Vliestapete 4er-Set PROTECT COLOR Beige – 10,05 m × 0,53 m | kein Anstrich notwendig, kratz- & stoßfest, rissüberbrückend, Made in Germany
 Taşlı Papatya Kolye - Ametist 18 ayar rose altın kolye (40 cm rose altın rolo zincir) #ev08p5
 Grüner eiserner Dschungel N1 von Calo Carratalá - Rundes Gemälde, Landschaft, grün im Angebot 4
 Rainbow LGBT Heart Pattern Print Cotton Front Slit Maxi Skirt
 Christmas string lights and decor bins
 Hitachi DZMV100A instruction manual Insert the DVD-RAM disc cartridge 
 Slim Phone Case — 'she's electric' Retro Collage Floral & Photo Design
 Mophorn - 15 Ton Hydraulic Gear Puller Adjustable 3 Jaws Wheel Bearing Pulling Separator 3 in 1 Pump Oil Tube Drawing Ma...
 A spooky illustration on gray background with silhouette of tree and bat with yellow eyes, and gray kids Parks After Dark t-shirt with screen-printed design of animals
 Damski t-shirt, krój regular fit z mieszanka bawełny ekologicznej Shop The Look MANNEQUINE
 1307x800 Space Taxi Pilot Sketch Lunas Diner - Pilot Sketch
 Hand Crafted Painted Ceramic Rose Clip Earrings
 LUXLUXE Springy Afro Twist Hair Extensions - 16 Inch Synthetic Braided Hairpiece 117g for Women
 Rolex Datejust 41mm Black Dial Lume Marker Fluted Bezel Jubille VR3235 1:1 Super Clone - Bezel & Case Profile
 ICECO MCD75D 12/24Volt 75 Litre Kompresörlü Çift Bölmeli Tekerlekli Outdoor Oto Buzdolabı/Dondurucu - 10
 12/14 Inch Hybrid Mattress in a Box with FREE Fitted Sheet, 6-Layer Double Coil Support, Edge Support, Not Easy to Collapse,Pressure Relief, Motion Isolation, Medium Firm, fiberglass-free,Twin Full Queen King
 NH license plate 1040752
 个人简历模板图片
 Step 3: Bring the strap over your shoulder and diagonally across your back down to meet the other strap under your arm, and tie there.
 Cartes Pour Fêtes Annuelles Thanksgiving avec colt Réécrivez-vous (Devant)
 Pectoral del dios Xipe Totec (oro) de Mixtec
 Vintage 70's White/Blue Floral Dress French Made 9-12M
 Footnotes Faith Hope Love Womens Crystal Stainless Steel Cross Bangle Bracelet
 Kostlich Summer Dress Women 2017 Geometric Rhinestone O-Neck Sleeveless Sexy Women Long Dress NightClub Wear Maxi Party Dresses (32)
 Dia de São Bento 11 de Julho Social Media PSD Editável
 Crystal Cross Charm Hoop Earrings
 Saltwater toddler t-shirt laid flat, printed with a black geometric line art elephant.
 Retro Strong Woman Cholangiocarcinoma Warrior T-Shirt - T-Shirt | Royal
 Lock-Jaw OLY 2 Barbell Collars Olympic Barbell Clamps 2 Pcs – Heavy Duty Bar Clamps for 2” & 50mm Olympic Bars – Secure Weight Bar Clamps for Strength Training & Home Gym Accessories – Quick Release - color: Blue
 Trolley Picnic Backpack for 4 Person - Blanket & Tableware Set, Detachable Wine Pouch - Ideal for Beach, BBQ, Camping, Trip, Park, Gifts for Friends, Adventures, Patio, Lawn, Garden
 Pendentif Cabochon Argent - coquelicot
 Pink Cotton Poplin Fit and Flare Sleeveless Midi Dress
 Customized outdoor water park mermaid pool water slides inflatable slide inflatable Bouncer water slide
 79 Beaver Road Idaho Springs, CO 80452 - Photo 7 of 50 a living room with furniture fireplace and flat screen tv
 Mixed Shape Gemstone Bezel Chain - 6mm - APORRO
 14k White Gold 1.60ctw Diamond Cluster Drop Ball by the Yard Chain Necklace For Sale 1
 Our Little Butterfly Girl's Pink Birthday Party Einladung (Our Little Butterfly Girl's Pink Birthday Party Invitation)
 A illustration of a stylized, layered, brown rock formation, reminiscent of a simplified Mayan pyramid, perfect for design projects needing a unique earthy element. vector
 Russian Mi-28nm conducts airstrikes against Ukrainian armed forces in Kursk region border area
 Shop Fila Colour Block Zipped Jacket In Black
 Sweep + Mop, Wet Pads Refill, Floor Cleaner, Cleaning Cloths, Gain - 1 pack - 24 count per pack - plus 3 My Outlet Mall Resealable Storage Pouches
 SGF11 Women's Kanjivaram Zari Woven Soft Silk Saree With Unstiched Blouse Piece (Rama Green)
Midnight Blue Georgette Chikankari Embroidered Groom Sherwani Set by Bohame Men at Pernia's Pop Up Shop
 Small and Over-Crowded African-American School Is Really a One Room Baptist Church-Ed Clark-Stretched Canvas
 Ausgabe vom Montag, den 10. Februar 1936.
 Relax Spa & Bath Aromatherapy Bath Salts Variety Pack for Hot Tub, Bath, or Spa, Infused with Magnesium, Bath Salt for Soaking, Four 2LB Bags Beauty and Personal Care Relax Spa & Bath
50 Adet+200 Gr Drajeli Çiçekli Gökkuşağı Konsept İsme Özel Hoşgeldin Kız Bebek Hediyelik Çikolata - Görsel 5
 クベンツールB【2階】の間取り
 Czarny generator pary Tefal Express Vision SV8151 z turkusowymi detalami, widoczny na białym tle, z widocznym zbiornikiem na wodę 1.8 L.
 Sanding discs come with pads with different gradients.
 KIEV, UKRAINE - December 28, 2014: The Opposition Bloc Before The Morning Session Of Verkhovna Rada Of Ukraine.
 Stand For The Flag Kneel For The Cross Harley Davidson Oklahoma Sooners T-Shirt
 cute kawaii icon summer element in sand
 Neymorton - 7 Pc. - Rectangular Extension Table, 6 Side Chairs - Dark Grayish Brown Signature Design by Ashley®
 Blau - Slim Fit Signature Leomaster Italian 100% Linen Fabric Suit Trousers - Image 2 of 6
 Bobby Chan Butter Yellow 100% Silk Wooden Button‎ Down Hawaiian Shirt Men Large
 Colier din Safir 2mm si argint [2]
※
▶ _AIM OF THE TASK_: Here the job is to output the lines from the start of the material through the line with "ICECO MCD75D 12/24Volt", inclusive, exactly and with nothing else.

▶ _OUTPUT_:
Vliestapete 4er-Set PROTECT COLOR Beige – 10,05 m × 0,53 m | kein Anstrich notwendig, kratz- & stoßfest, rissüberbrückend, Made in Germany
 Taşlı Papatya Kolye - Ametist 18 ayar rose altın kolye (40 cm rose altın rolo zincir) #ev08p5
 Grüner eiserner Dschungel N1 von Calo Carratalá - Rundes Gemälde, Landschaft, grün im Angebot 4
 Rainbow LGBT Heart Pattern Print Cotton Front Slit Maxi Skirt
 Christmas string lights and decor bins
 Hitachi DZMV100A instruction manual Insert the DVD-RAM disc cartridge 
 Slim Phone Case — 'she's electric' Retro Collage Floral & Photo Design
 Mophorn - 15 Ton Hydraulic Gear Puller Adjustable 3 Jaws Wheel Bearing Pulling Separator 3 in 1 Pump Oil Tube Drawing Ma...
 A spooky illustration on gray background with silhouette of tree and bat with yellow eyes, and gray kids Parks After Dark t-shirt with screen-printed design of animals
 Damski t-shirt, krój regular fit z mieszanka bawełny ekologicznej Shop The Look MANNEQUINE
 1307x800 Space Taxi Pilot Sketch Lunas Diner - Pilot Sketch
 Hand Crafted Painted Ceramic Rose Clip Earrings
 LUXLUXE Springy Afro Twist Hair Extensions - 16 Inch Synthetic Braided Hairpiece 117g for Women
 Rolex Datejust 41mm Black Dial Lume Marker Fluted Bezel Jubille VR3235 1:1 Super Clone - Bezel & Case Profile
 ICECO MCD75D 12/24Volt 75 Litre Kompresörlü Çift Bölmeli Tekerlekli Outdoor Oto Buzdolabı/Dondurucu - 10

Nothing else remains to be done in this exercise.